Part 6: The Journals of Roger Bissell – Not!

12/14/97

rev. 7/26/06

I have never kept a journal per se, though letter-writing and essaying have been very important to me once I got to and beyond college. By contrast, my wife, Becky, began to keep journals and diaries of her thoughts when she was 13, and I am amazed at the depth of thought they contain.

Until I was 19, thoughts were just will-o-the-wisps to me, fleeting insights that came and went, not anything that I grabbed hold of and developed to any extent. Except for mathematics. I discovered at about age 16 that I had a deep love/fascination for number theory, and I could work without tiring for hours on the ramifications of a seemingly simple idea.

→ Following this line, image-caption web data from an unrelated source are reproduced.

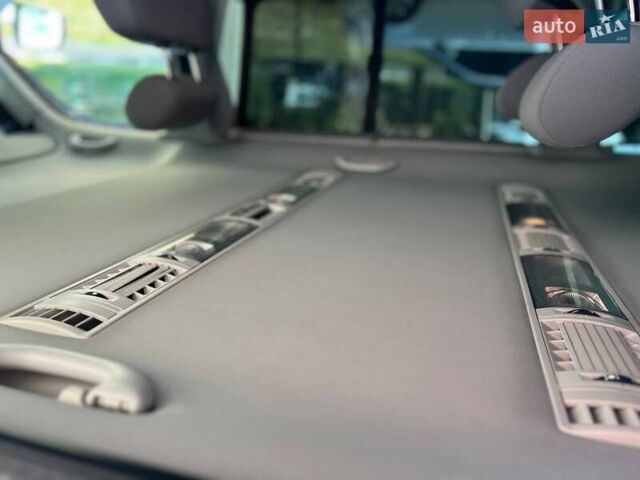 Бежевий Фольксваген Каравелла, об'ємом двигуна 2.46 л та пробігом 219 тис. км за 15900 $, фото 19 на Automoto.ua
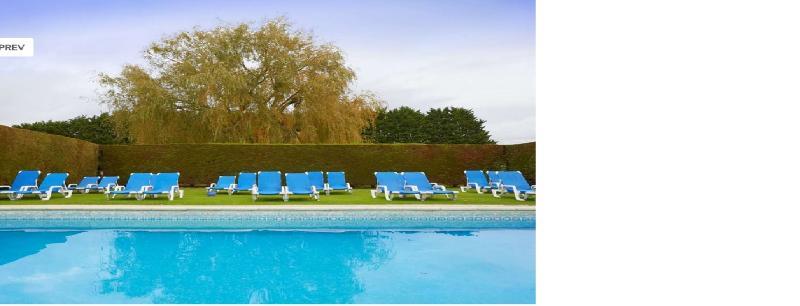 Hotel Kyriad Deauville - St Arnoult Saint-Arnoult (Calvados)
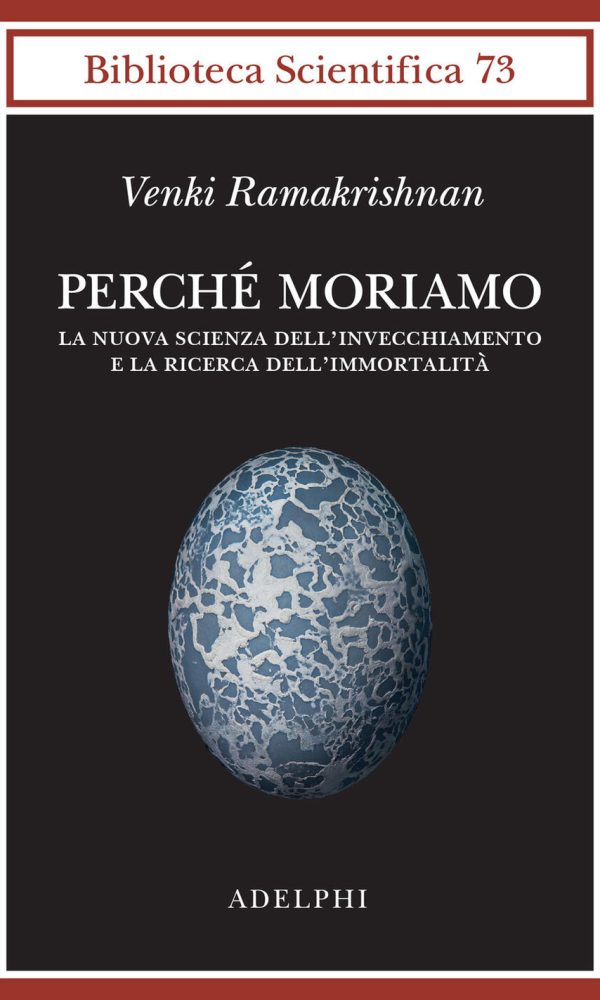 PERCHÉ MORIAMO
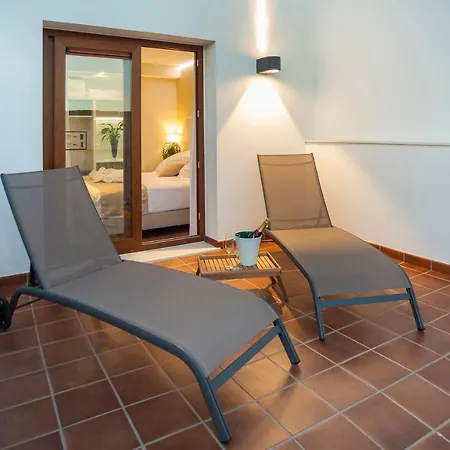 Hotel Boutique Barra Alta (adults Only)
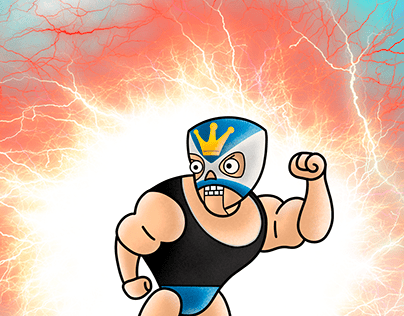 Best Luchadores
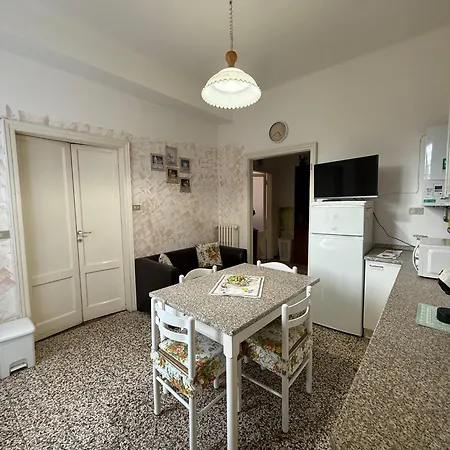 Apartment Alle Rampe
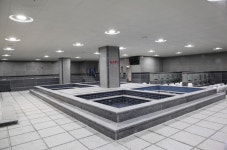 호텔동방 사우나&휘트니스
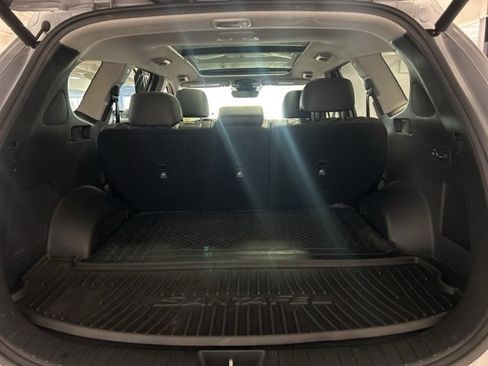Used 2021 Hyundai Santa Fe Limited image 25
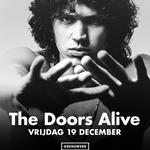 Celebrating 60 years of The Doors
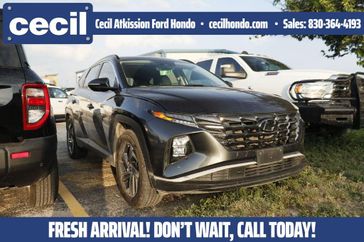 Used 2022 Hyundai Tucson SEL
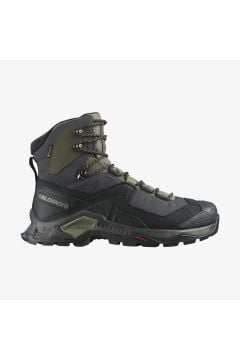 Salomon Quest Element GTX Erkek Outdoor Bot Siyah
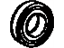 Toyota 90368-26027 Wheel Bearing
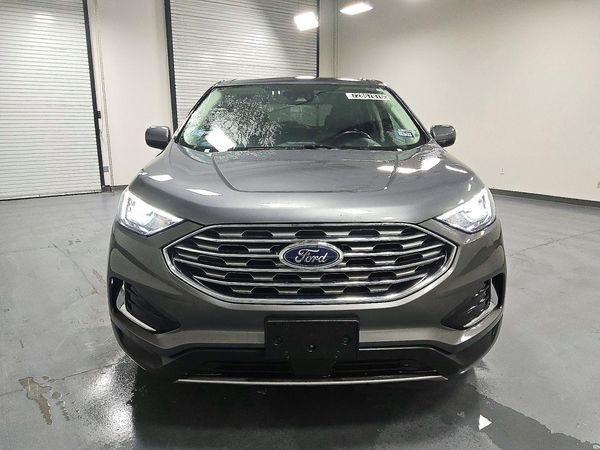 2022 FORD EDGE SEL — DIRF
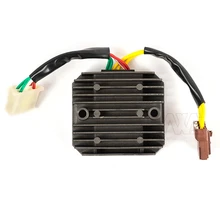 Motorcycle Voltage Regulator Rectifier For Aprilia RST1000 Mille Futura ETV1000 Raid Capo Nord RSV1000 Mille SL1000 Falco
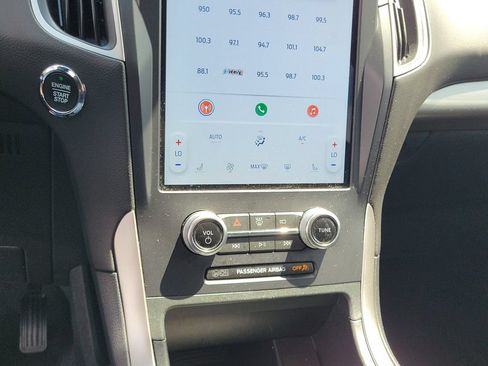 Certified 2024 Ford Edge SEL w/ Convenience Package AWD/4WD image 28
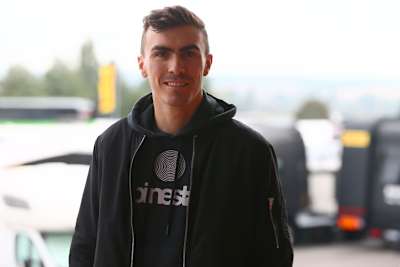 Loris Baz kehrt zurück in die Superbike-WM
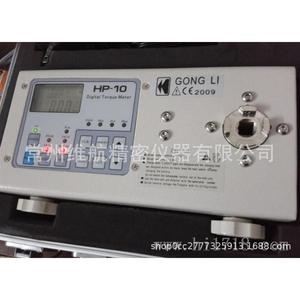 Hp 100 Torque Tester 0.15 10Nm Lcd Display <b>Electric</b> Screwdriver Measurement Tool - Product Image 4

But moral or philosophical issues? Forget it! It took a good 2 years for the intellectual and emotional upheaval caused by Atlas Shrugged, etc. (which I read just before turning 18) to crystallize into certain distinct puzzles that I wanted to solve—e.g., the mind-body problem, the nature of free will, the nature of beauty and esthetic value, the nature of musical response and musical value, the abortion issue, the government/anarchy controversy, to name a few! And I didn't even start my serious writing on these matters until I was the ripe old age of nearly 23.

However, I'd like to point out a broader way in which Becky and I "came on-line" intellectually, despite how differently we appear to have done so. And that is that, at about puberty, some of us who are destined for the more intellectual side of life began keeping journals, exploring issues of morality and psychological motivation, while others of us got very intrigued with exploration of a more scientific kind (including mathematics in this).

Becky and I both have deep curiosity about the areas that intrigue us most. (It is not for nothing that her motto in high school was “curioser and curioser” and that her email screen name is “NTPandora.”) Her curiosity is expressed mainly through her strong literary bent, while mine shows up more often in technical writing. We seem to have intersected most strongly in the area of personality type theory.

It was not even until my sophomore year in college that I got very good at writing letters and essays. After that, it was "gang-busters"! But something like "intellectual diary-keeping" has played a very important part in my intellectual development and my sense of self and my ability to sustain long-term personal relationships despite months or years of separation. And that is letter-writing. (This is ironic, in that letter-writing is a more extraverted activity for someone introverted like me – while journaling is a more introverted activity for my extraverted wife.)

To some extent after I finished my bachelor's degree at Ames, Iowa in 1969, but even more so after I finished graduate school at Iowa City in 1971 and moved from Iowa to Tennessee, the camaraderie and synergy of my college Objectivist friendships were lost to the wind, and it took a sustained effort on my part to keep up those ties, by continuing to work out ideas and problems with friends who lived hundreds or thousands of miles away. (Not that I didn't find new friends, but none of them came close to the quality of those I had in college. I'm married to one of them, even!)

And the key to this was letter-writing, which was valuable not only for continued intellectual development, but also ranting and raving.  (Now, it's email—and cyber seminars, of course, thanks to visionary folks like David Kelley and Chris Sciabarra.)

I have saved virtually every letter I've ever written or received on both personal and intellectual matters, and I'm amazed at both the utter goofiness of some of my early ideas and the continuing relevance and astuteness of others. I've grown, but there's a lot of the old me that is still there and just won't go away! Good old Iowa stubbornness, I guess.